Wirehouses’ Biggest Weakness: The Next Generation
The challenge that the industry faces in bringing on the next generation of clients is a common trope in industry press, but it’s a serious problem for brokers, particularly at the wirehouses where the focus on the ultra-wealthy is impeding their ability to focus on bringing on younger clients, advisors say. Several advisors have voiced their concern that they’re either unable to help the next generation because of account minimums or have actually started to see some clients’ children send in account transfer forms to move money to robo-advisors.
First, there’s the account minimums that continue to rise at the big four. Merrill Lynch does not pay advisors for accounts below $250,000. UBS and Morgan Stanley cut off payouts at $100,000 and Wells Fargo just reduced payout for accounts under $65,000 while offering bonuses for those who offload smaller clients and get their book mostly above $250,000.
This makes it harder for new brokers to get into the business by bringing on clients in their generation who are amassing wealth and also keeps veteran brokers from adding clients in the early stages of their career, advisors say.
Meanwhile, independent firms are trying to exploit this weakness. For example, Jason Claborn, a former Merrill Lynch advisor who now has his own firm Modern Wealth Management with LPL, said that when he has prospects or referrals of clients who are at a wirehouse, he targets their children. Here’s a well-written take he sent in this week:
“The firms are not willing to take the long view because they are so focused on short term numbers. Look at their small account policies. Not getting paid on accounts under $250K? How did the majority of their coveted big producers start? When you have an office full of 60+ year old advisors and you don’t pay them on accounts under $250K what kind of clients do you have? 60+ year old clients. What happens when they pass on? Their kids (who have been alienated by being sent to a call center) and their small accounts now become big accounts, but not at dad’s old firm.
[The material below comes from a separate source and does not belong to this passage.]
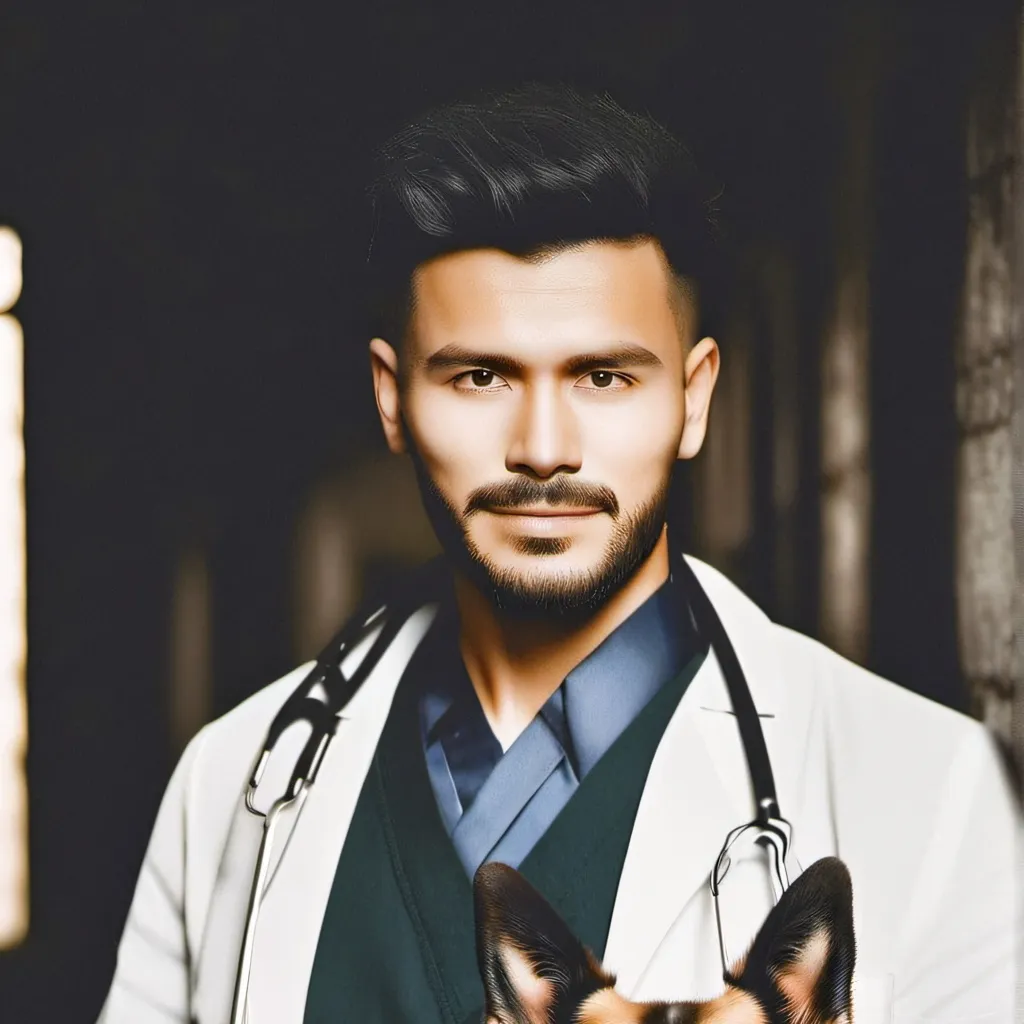 chat with ai character: Dr. Hayes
As a former wirehouse advisor, now an independent at 44, I am waiting them out. Higher payouts, lower overhead, I work on my own terms. We keep a file at our office of prospects or referrals who are at the wires and then try to find their children. Often times they are young people with growing families and building wealth through 401Ks or building businesses. We build relationships with them through solid planning and advice. We can afford to take them on due to the economics of an independent. We are already starting to see a turnover in intergenerational assets.
Now with the resources, brand name, technology, existing relationships and ability to quickly (although rarely) adapt to new situations we should be getting crushed by the wires in this scenario. Except they can’t see it, or refuse to see it, that the trade off for short term gains and not recruiting and training new advisors, building relationships with clients of all size and helping them grow their assets, will ultimately be their downfall.”
The turnover is already starting to happen. And if you need any more evidence of how worried the firms are, you can look to Morgan Stanley’s latest memo about its management shake-up which put their COO, Jim Rosenthal, in charge of overseeing a new robo service. The question is whether they’ll be able to make up for lost time.